What the task asks: From the entries below, copy every line that holds the word "with".

Materials provided:
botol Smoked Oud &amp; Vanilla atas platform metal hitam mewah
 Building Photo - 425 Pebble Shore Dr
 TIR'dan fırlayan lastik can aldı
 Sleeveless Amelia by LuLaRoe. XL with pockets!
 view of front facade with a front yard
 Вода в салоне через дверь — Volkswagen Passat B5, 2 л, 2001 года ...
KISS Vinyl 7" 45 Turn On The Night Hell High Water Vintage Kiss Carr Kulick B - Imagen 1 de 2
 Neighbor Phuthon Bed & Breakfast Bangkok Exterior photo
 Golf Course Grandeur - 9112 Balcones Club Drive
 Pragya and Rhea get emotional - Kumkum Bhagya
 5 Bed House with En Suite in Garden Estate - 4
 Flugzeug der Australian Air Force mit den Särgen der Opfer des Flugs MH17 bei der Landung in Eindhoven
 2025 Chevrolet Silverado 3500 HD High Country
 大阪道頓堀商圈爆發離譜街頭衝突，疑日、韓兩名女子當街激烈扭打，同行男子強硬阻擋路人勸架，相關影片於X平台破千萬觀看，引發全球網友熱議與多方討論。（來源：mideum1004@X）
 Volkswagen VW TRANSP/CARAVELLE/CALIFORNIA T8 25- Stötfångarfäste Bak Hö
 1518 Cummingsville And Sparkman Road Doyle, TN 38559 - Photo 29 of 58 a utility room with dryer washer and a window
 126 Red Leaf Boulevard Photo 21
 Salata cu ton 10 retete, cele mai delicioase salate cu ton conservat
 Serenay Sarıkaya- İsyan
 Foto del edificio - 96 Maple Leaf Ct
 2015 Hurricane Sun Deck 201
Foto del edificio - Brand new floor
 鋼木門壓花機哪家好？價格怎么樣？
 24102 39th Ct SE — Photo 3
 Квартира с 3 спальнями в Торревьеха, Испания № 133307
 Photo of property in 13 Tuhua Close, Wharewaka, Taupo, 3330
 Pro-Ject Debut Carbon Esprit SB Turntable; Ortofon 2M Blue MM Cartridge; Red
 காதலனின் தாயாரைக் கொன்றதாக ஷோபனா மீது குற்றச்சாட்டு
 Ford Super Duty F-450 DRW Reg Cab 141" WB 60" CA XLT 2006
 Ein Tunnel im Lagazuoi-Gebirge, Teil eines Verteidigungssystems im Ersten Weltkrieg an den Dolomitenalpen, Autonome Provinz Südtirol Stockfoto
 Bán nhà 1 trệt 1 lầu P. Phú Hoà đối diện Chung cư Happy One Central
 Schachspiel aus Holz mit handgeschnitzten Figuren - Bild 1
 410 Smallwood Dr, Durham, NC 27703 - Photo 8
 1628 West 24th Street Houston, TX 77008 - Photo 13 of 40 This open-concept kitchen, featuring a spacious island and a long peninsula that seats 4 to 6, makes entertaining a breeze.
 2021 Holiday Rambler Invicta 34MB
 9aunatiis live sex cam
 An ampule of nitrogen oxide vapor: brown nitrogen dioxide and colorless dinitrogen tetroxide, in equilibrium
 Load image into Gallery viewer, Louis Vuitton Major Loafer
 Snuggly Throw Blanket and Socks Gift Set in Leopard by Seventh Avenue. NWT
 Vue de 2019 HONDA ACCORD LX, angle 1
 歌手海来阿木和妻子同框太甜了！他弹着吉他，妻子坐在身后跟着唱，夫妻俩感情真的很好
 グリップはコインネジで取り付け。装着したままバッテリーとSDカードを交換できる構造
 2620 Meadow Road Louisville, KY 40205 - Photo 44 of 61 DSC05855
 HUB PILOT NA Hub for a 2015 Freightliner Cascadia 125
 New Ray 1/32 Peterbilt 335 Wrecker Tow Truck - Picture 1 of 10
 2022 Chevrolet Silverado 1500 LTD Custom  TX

Task answer:
 Sleeveless Amelia by LuLaRoe. XL with pockets!
 view of front facade with a front yard
 5 Bed House with En Suite in Garden Estate - 4
 1518 Cummingsville And Sparkman Road Doyle, TN 38559 - Photo 29 of 58 a utility room with dryer washer and a window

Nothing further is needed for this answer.